Data Science Workbench - Building Your Model

Retailers with analytics teams and data scientists can define new algorithms and test them against the 200+ road-tested strategies that are included in the standard Recommend license. 

After you've created a table to be the model behind a strategy, you can publish the strategy and use it in your site placements just like any other strategy.

Your site must be configured to use the Data Science Workbench and your FTP credentials must be created. Contact your Algonomy team if either of these is not the case.

There are size limits per strategy. A query/strategy should not exceed 1 GB. Anything that does exceed this limit will be flagged, monitored, and may be revised due to performance considerations. 

Basic Workflow

  1. Build a table that translates your recommendation idea into an algorithm.
    • Who: technical team (SQL experience highly recommended) 
    • Where: Personalization Dashboard > Optimization > Data Science Workbench > Data Source > Query Editor

  1. Create a strategy and publish it. 
    • Who: technical team/administrators
    • Where: Personalization Dashboard > Optimization > Data Science Workbench > Strategies > New Strategy

For more information on how to create your strategy, see Creating Strategies in the Data Science Workbench.

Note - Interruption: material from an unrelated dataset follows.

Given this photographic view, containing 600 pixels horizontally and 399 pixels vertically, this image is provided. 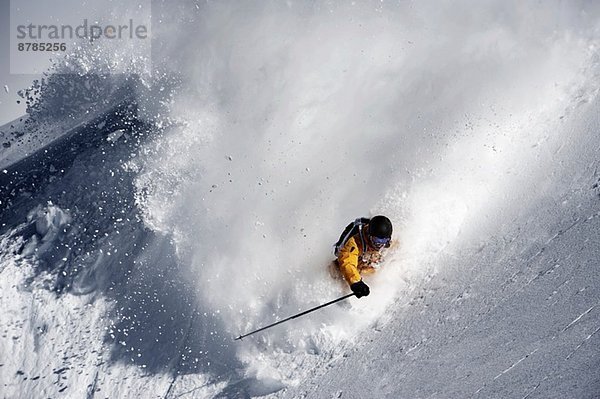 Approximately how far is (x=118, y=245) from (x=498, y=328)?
5.04 meters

  1. Use the strategy in your recommendations.
    • Who: Administrators
    • Where: Personalization Dashboard > Recommendations > Strategy Configuration > Production

Building a Table in the Query Editor

The first step in building your own strategy is to assemble the data you need into a table. 

The query editor gives you access to your site's clickstream data, as well as any other data you've brought in through Build. You can also use Hive to build your table.

Tips

  • Create your table in the work database.
  • Keep in mind that strategies always use key values associated with product IDs and scores. The Strategy Structure gives you the details. 
  • If you are planning on using the scheduling functionality, make sure your SQL query and table exists in Hive.
  • Catalog data is loaded into the Data Science Workbench once per day, based on a snapshot of the catalog at the time of the update.
  • If your strategy is failing to build, verify there are no comments in the associated query, as this may be causing the query to hang, which causes the model to not build and the strategy to fail. 

Strategy Structure

Custom strategies always return lists of product IDs. They can use any one of these key values:  

  • product category ID 
  • product ID
  • product brand ID
  • customer segment ID
  • user ID

The key value is used as the seed for the strategy: what piece of information from the page should the strategy use to choose which products to recommend? 

Sitewide Strategy Tables

Sitewide strategies require a table that contains a column labeled 'sitewide" and for that column to be selected as the key for the strategy. If this is not done, the sitewide strategy will not work.

Composable Strategy Tables

Composable strategies use more than one key value as the seed. For this to function properly, the table behind the strategy must have all keys within one column separated by a semicolon. The columns must also be in the following order: Key, Product ID, score.

For example, for a strategy with a user and category key, the table should look something like this:

Key Product ID Score
user_id;category_id product_id Score
1234;p-13387 p4595013 0.34

Definition and File Format

Custom strategies are defined by a simple table with three columns:

Field Format Description
Key  Alphanumeric The input ("seed") for the strategy. The seed value is provided through instrumentation for each call that potentially uses the strategy. 
customer segment ID   A unique identifier for a customer segment, as instrumented on your site.
product ID   A unique identifier for the item (sometimes called the item ID). See the Relevance Cloud Developers Site for a detailed description.
product brand ID   A unique identifier for a brand, often instrumented in order to enable brand filtering.
product category ID   The category ID associated with a product or set of products, used to provide category context
user ID    A user ID, generally connected to an email address, is a direct link to the login credentials a consumer uses to log into and buy products from a e-commerce site. See the Relevance Cloud Developers Site for a detailed description.
Product  Alphanumeric  Product ID (from your product catalog data feed). 
Score Numeric Scores should be sorted in descending order.

Data Updates

Catalog Updates: Catalog data is loaded into DSW once a day, starting at roughly 2:30 AM PT each day. It takes the data per site from a hadoop extract of the catalog that is generated 3 times a day. It is not directly connected to feed processing.

DSW Data Updates: The timing varies for scheduled updates based on the query execution that runs. After the query execution runs and executes, the extract and model build is relatively quick. Generally, updates should happen not much longer after the scheduled update time.